- [Exercise]: Copy out again, unchanged, the listing below from the line that has "Raptor Blaster Banshee" through the line that has "Fototapeta premium A".

- [Record extracts]:

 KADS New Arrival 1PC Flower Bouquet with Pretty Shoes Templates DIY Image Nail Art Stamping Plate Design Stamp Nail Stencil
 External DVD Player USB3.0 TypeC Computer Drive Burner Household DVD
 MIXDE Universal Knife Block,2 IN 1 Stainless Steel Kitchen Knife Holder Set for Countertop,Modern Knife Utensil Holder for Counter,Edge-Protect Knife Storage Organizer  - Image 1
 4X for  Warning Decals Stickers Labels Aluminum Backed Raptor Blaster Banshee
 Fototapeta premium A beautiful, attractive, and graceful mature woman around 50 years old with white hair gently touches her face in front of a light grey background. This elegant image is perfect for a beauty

...

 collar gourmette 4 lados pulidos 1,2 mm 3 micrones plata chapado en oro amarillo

- [Your solution]:
 4X for  Warning Decals Stickers Labels Aluminum Backed Raptor Blaster Banshee
 Fototapeta premium A beautiful, attractive, and graceful mature woman around 50 years old with white hair gently touches her face in front of a light grey background. This elegant image is perfect for a beauty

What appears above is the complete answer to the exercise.